Diabolique: Criterion Collection
May 26, 2011
Diabolique (1955) was director Henri-Georges Clouzot’s seventh film and saw him at the apex of his critical and commercial success in France. It was the second part of a cinematic one-two punch that included The Wages of Fear (1953) and established him as an important filmmaker not just in his native country but in the rest of the world as well. Based on the French crime novel Cell qui n’etait plus by Pierre Boileau and Thomas Narcejac, Alfred Hitchcock no less was one of the film’s greatest admirers and he reportedly screened it for the writers of both Vertigo (1958) and Psycho (1960).
The opening credits play over footage of murky water in an unused swimming pool. It is a key location that will be important later on and also acts as a metaphor for the nature of the film – characters with questionable motives and where nothing is what it seems. Boarding school teacher Christina Delassalle (Clouzot) is married to Michel (Meurisse), the cruel headmaster who, when he’s not belittling his wife, is mean to the students. She is friends with her husband’s mistress and fellow teacher Nicole Horner (Signoret), a lady so cool she wears her sunglasses at night. Michel is a real piece of work – he married Christina for her money. She resolves herself to a life of mental and physical abuse.
The two women take off for the weekend and Nicole uses it as an opportunity to convince the meek Christina to call her husband and tell him she’s leaving him. Naturally, this doesn’t go over well with him and he heads out there to meet them. Nicole has had enough and with Christina they plan Michel’s demise. But of course things don’t go entirely as planned and Clouzot introduces all kinds of ingenious plot twists that keep us guessing as to what will happen next.
The three lead actors are excellent – Vera Clouzot as the mousy wife, Simone Signoret as the cool, calculated mistress, and Paul Meurisse as the sadistic husband. It’s fascinating to watch their characters bounce off each other in this taut, psychological thriller. With Diabolique, Clouzot meticulously crafted a claustrophobic thriller that exposed some of the worst aspects of humanity. It demonstrates that there is no such thing as the perfect murder because things like emotion and bad judgment get in the way. The bottom line is if you’re going to kill someone you have to really go for it and cover your tracks so that no one can trace it back to you.

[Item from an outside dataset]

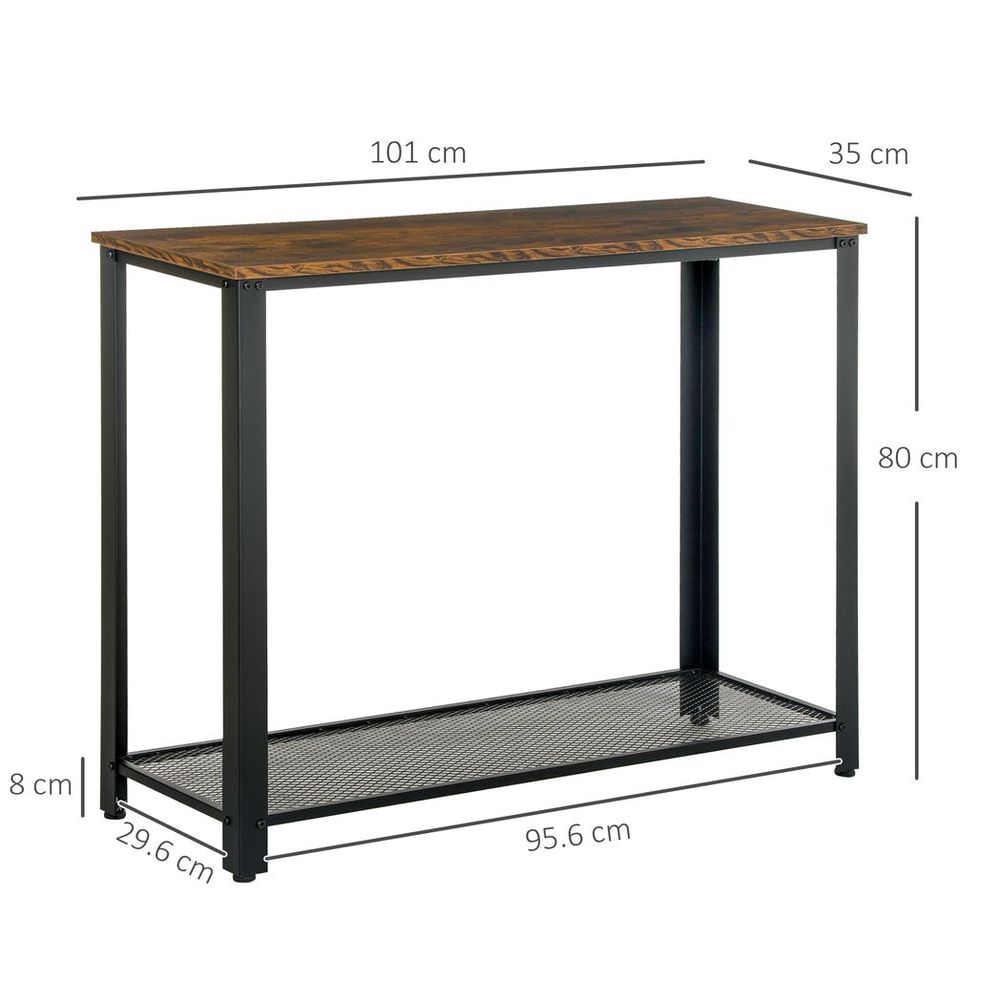 Industrial Style Console Table measurements view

“Serge Bromberg Introduction” features the film preservationist and historian talking about Clouzot and giving us a brief overview of his career, which he does to put Diabolique in context. Bromberg touches upon the film’s literary origins while also analyzing its look and themes.
There is a selected-scene commentary by French film scholar Kelley Conway. She analyzes specific scenes and dissects their meaning. She touches upon his life and career and how they relate to the film. Conway speaks eloquently and knowledgably about Diabolique.
Film critic Kim Newman talks about how Diabolique influenced films like Psycho. He cites it as being the first film built around a twist ending and calls it a “conspiracy story.” He analyzes the meticulous structure of the plot and how this harkens back to mystery novels.
Finally, there is a theatrical trailer.